Trianthema triquetra

red spinach

 

Trianthema triquetra

Rottler & Willd. 1803

pronounced: try-an-THEE-muh try-KWET-ruh

(Aizoaceae — the fig-marigold family)

common names: red spinach, black horsepurslane

native 4Trianthema is derived from the Greek τρι– (tri-), three times, thrice, and ανθεμον (anthemon), a blossom, flower; triquetra is Latin, triquetrus, with three corners, triangular.

This is an annual more-or-less succulent procumbent, prostrate or sometimes ascending herb to 60 cm high, much branched from the base, that grows in clay or sandy clay in semisaline disturbed areas, alluvial and saline flats, and arid regions, from a strong, even woody, taproot. It spreads into a loose mat. It is found in Africa, Arabia, India, Pakistan, Afghanistan, Burma, Malaysia and Australia.

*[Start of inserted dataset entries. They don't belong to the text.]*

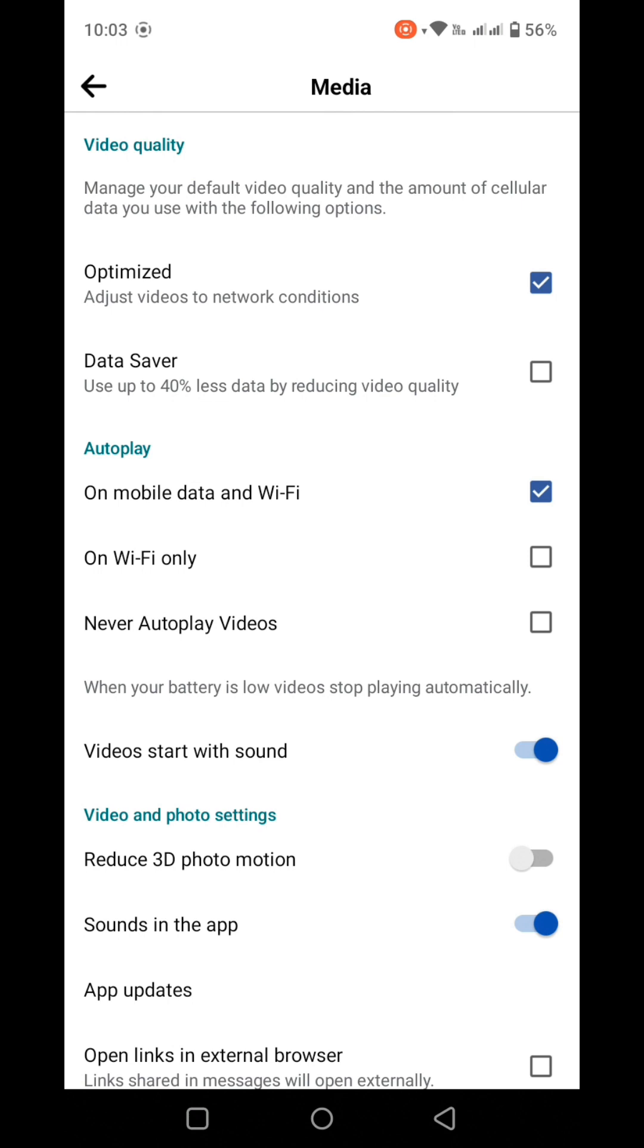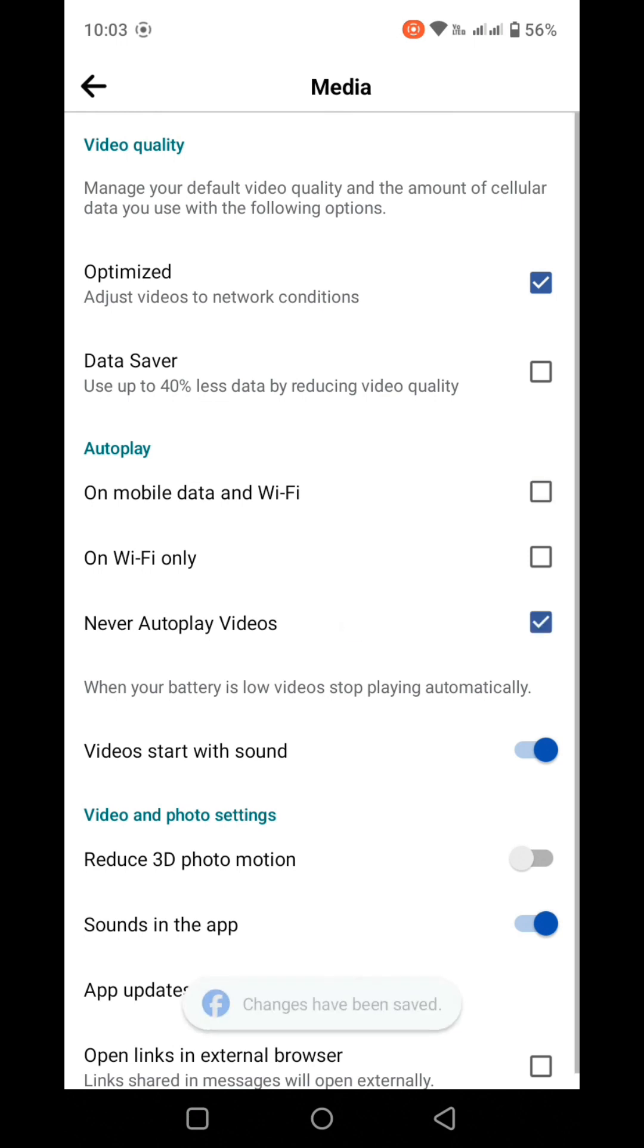For the autoplay settings, you can choose Wi-Fi only or configure it for both Wi-Fi and mobile network. If you select the Wi-Fi only option, videos will never autoplay on mobile connection. You can click to enable the never autoplay videos option.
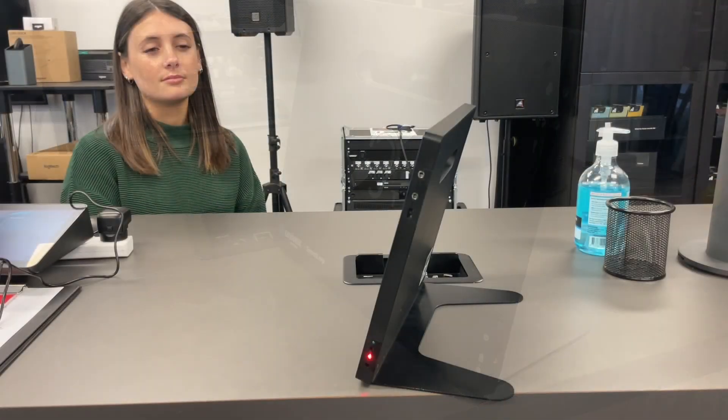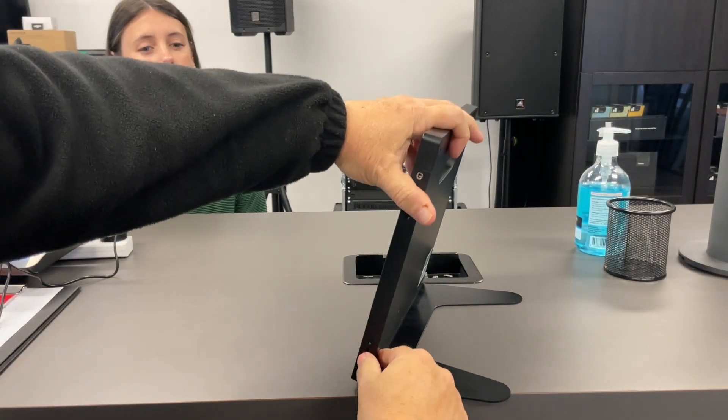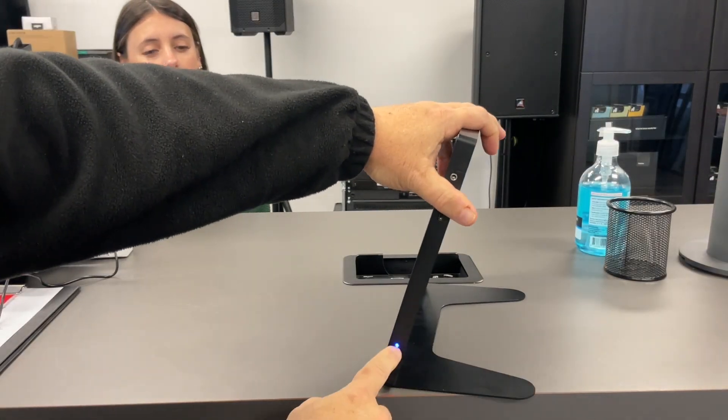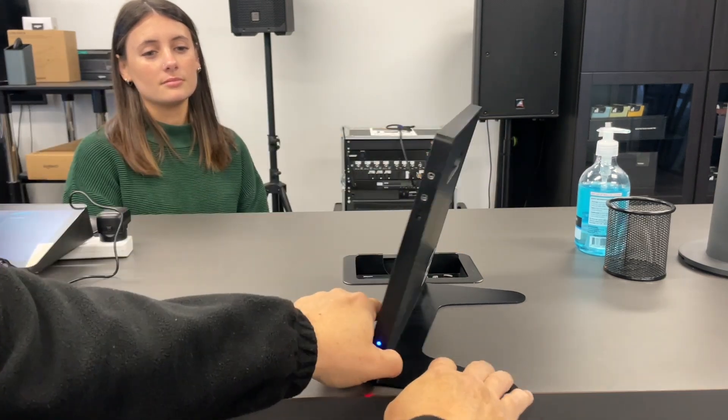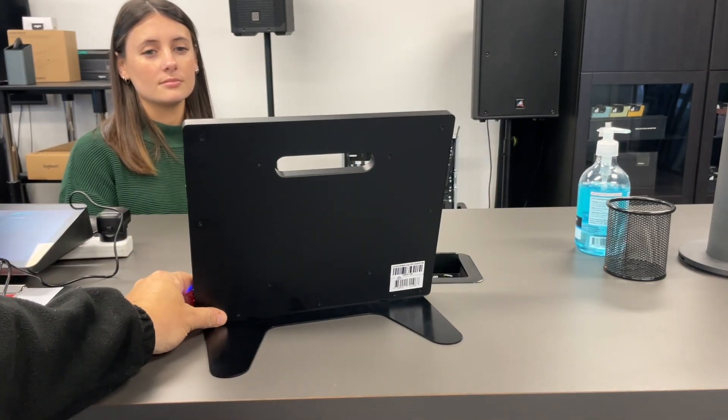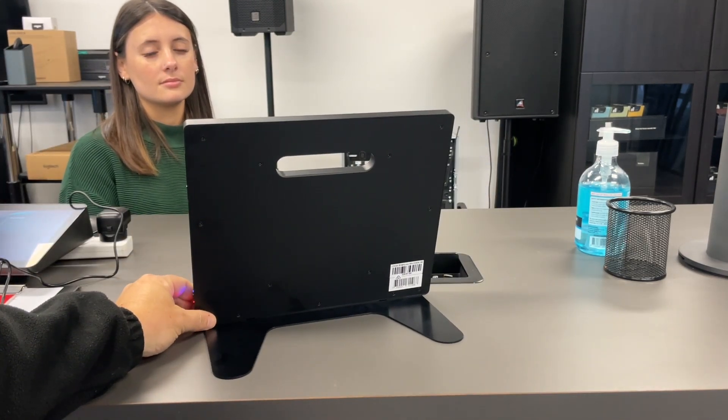Once the unit is charged, turn it on and you'll see the blue light come on. Place it on the counter facing towards your client.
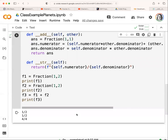That gives you an idea of how to create classes and use '__add__' and '__str__'. There are others you can do: '__eq__' for equality, '__ne__' for not equal, '__lt__' for less than, '__le__' for less than or equal to, '__gt__' for greater than, and '__ge__' for greater than or equal to. There are also some other built-in functions available.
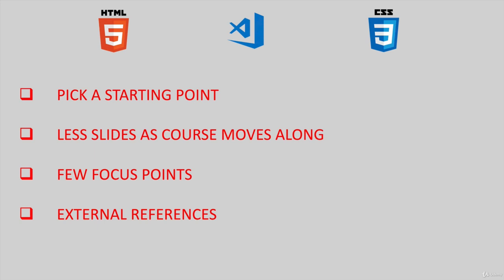Like I said before, the course will be hands-on and project-based since personally slides put me to sleep. With that being said, slides are not all bad, and we will use them to get specific points across. You'll see more slides in the beginning of the course and less slides as the course moves along.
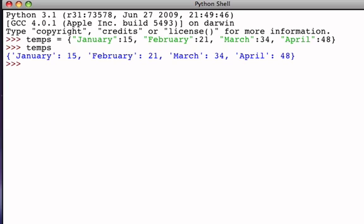The dictionary that we're going to start with is a dictionary with associations between months and the average temperature. We've got four entries in our dictionary: one for January, one for February, one for March, and one for April.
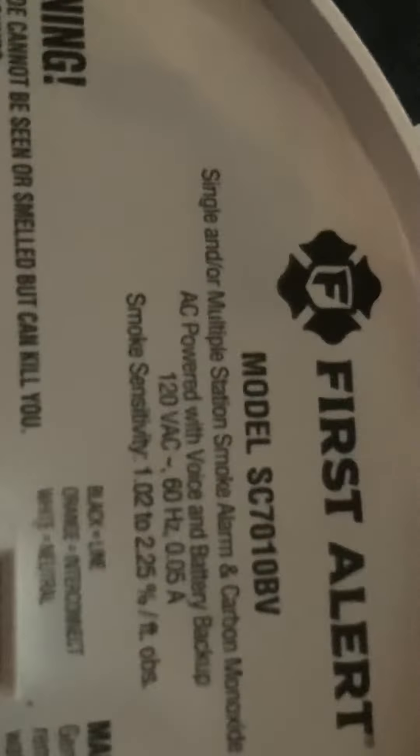The review of my First Alert BRK SE710BV. Just flip it, model SE710BV.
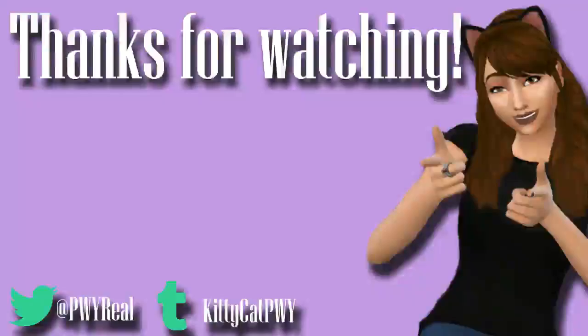Thank you so much for watching, and if you guys want to become a Pawprint, be sure to hit that subscribe button.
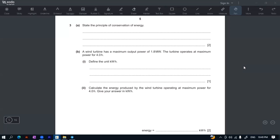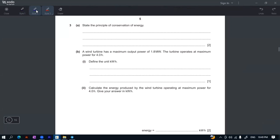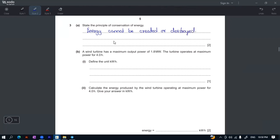The energy cannot be created or destroyed. It can be transferred from one form to another.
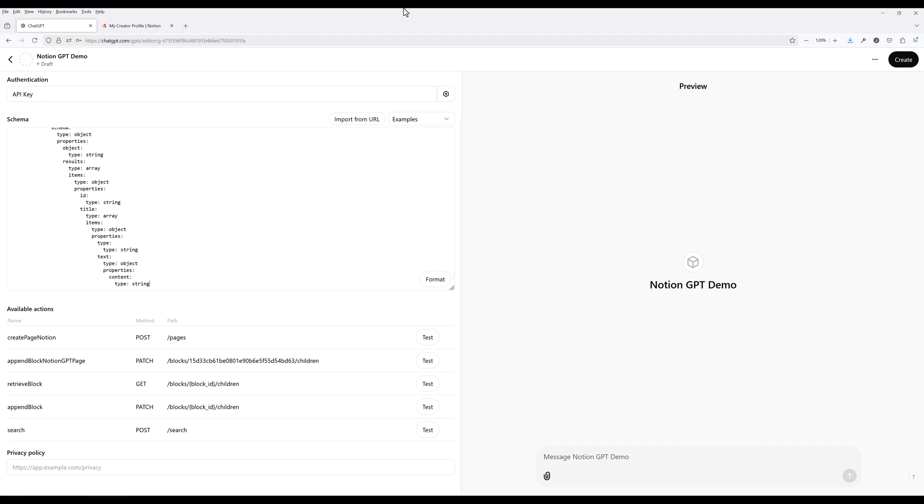The create page Notion action is for creating a child Notion page. Append block Notion GPT page action will insert blocks to a target page given that the block ID is pre-populated. Retrieve block and append block actions are used with create page action to insert blocks to other pages. Search action will give ChatGPT the ability to search pages and databases in my account. And that's everything we need to do to create GPT actions for ChatGPT to interact with our Notion pages.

In Australia it is found almost everywhere on the continent, and the plants pictured were growing on the margin of the dried-up bed of the Horseshoe Bay wetlands, in the dry season.

The stem is diffuse, and papillose; the leaves are up to 30 mm long, less than 4 mm broad, ovate-elliptic to oblanceolate, mucronate at the apex, the leaf-base sheathing, membranous.

The white to pink flowers occur single or in small groups (usually 2 o 3, but up to 6) at the nodes. They are basally free from one another, sessile or shortly stalked, 2 – 4 mm long. There are 5 calyx segments, triangular, each with a sub-apical dorsal thickening. There are 5 very short stamens with purplish anthers.

The fruit is a capsule, truncate; the operculum thick-walled, rounded with an impressed membranous cover. There are two or occasionally more brownish black plano-convex seeds faintly ribbed, one in the operculum and the others in the base.

In drought times the plant can be used as a fodder for goats and cattle.